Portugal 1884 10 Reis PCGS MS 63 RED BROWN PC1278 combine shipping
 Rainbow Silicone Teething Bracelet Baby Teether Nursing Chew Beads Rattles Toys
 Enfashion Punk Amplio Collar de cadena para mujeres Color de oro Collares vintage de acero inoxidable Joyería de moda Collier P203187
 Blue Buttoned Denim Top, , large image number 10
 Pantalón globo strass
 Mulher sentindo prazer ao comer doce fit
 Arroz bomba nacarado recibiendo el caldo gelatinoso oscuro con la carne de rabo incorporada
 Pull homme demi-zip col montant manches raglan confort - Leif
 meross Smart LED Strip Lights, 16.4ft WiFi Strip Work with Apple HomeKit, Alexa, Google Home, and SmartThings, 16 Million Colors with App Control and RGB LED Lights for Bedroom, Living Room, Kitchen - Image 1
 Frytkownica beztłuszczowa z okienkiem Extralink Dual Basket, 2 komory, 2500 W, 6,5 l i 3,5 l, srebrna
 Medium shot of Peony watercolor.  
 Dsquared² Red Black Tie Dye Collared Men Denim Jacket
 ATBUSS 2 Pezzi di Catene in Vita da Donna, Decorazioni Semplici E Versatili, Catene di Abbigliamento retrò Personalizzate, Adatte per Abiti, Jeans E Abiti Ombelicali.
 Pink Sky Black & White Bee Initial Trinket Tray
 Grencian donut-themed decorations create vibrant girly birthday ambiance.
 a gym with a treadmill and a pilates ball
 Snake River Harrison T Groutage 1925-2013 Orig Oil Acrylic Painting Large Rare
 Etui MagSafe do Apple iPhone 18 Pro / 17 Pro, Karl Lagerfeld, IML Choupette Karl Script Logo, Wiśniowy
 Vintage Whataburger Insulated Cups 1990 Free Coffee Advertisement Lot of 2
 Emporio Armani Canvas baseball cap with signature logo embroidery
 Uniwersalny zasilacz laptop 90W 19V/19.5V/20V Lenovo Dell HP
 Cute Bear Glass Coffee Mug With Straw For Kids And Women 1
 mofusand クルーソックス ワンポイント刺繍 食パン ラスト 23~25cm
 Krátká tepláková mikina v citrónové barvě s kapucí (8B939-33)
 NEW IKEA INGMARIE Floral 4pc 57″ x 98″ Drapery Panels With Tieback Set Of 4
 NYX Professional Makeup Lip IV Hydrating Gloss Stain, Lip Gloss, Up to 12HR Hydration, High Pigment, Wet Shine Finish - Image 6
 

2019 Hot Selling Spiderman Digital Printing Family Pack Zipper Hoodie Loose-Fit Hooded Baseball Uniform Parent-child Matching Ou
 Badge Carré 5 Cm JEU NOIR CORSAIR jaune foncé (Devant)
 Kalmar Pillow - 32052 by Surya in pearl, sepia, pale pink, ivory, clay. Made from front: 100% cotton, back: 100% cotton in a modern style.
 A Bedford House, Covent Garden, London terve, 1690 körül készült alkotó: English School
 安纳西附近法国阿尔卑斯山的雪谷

□ □ □ □ □ □ □

ACTIVITY:
Repeat every record above precisely.

TASK ANSWER:
Portugal 1884 10 Reis PCGS MS 63 RED BROWN PC1278 combine shipping
 Rainbow Silicone Teething Bracelet Baby Teether Nursing Chew Beads Rattles Toys
 Enfashion Punk Amplio Collar de cadena para mujeres Color de oro Collares vintage de acero inoxidable Joyería de moda Collier P203187
 Blue Buttoned Denim Top, , large image number 10
 Pantalón globo strass
 Mulher sentindo prazer ao comer doce fit
 Arroz bomba nacarado recibiendo el caldo gelatinoso oscuro con la carne de rabo incorporada
 Pull homme demi-zip col montant manches raglan confort - Leif
 meross Smart LED Strip Lights, 16.4ft WiFi Strip Work with Apple HomeKit, Alexa, Google Home, and SmartThings, 16 Million Colors with App Control and RGB LED Lights for Bedroom, Living Room, Kitchen - Image 1
 Frytkownica beztłuszczowa z okienkiem Extralink Dual Basket, 2 komory, 2500 W, 6,5 l i 3,5 l, srebrna
 Medium shot of Peony watercolor.  
 Dsquared² Red Black Tie Dye Collared Men Denim Jacket
 ATBUSS 2 Pezzi di Catene in Vita da Donna, Decorazioni Semplici E Versatili, Catene di Abbigliamento retrò Personalizzate, Adatte per Abiti, Jeans E Abiti Ombelicali.
 Pink Sky Black & White Bee Initial Trinket Tray
 Grencian donut-themed decorations create vibrant girly birthday ambiance.
 a gym with a treadmill and a pilates ball
 Snake River Harrison T Groutage 1925-2013 Orig Oil Acrylic Painting Large Rare
 Etui MagSafe do Apple iPhone 18 Pro / 17 Pro, Karl Lagerfeld, IML Choupette Karl Script Logo, Wiśniowy
 Vintage Whataburger Insulated Cups 1990 Free Coffee Advertisement Lot of 2
 Emporio Armani Canvas baseball cap with signature logo embroidery
 Uniwersalny zasilacz laptop 90W 19V/19.5V/20V Lenovo Dell HP
 Cute Bear Glass Coffee Mug With Straw For Kids And Women 1
 mofusand クルーソックス ワンポイント刺繍 食パン ラスト 23~25cm
 Krátká tepláková mikina v citrónové barvě s kapucí (8B939-33)
 NEW IKEA INGMARIE Floral 4pc 57″ x 98″ Drapery Panels With Tieback Set Of 4
 NYX Professional Makeup Lip IV Hydrating Gloss Stain, Lip Gloss, Up to 12HR Hydration, High Pigment, Wet Shine Finish - Image 6
 

2019 Hot Selling Spiderman Digital Printing Family Pack Zipper Hoodie Loose-Fit Hooded Baseball Uniform Parent-child Matching Ou
 Badge Carré 5 Cm JEU NOIR CORSAIR jaune foncé (Devant)
 Kalmar Pillow - 32052 by Surya in pearl, sepia, pale pink, ivory, clay. Made from front: 100% cotton, back: 100% cotton in a modern style.
 A Bedford House, Covent Garden, London terve, 1690 körül készült alkotó: English School
 安纳西附近法国阿尔卑斯山的雪谷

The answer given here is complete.